Before I comment on 'research dataset', I think think it beneficial to first understand what we mean by a dataset. The issue that arises in the CASRAI context is that there are two different definitions:
A series of structured observations, measurements or facts identified from the research which can be stored in a database
Any organized collection of data in a computational format, defined by a theme or category that reflects what is being measured/observed/monitored. The presentation of the data in the application is enabled through metadata.
Before any compound terms can be made, we must first agree upon which of the data set / dataset definitions we want to use.
The current definition (Research Dataset) blends elements of other definitions. Assuming we can agree on what a dataset actually is, we then need to understand how a "Research Dataset" is different from a 'regular' dataset. By 'research' do we mean that the dataset is created in the context of a research project? Or that the information in a dataset is used to support research? My concern with the term Research dataset is that it seems as though it could apply to all datasets.
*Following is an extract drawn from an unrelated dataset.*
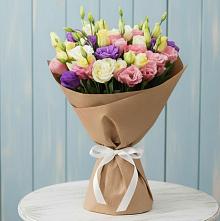 Букет цветов из:  Лизиантусы в Новофедоровке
As a minor side note, I am not clear as to why the definition includes the condition "in a computational format'. While probably 99.99% of datasets are in a computational format, the format itself is not a vital element (or is it?). Most research datasets will be captured in computational formats. That being said, I can imagine cases where a researcher could collect data and observations by hand, capturing that data in a paper notebook (i.e. a non-computational format). These datasets are paper-based, and would therefore not fit under the definition we are proposing here. This is an unusual case, I admit. But I don't see the need to make the computational format clause, and I think by removing it the definition would actually be improved.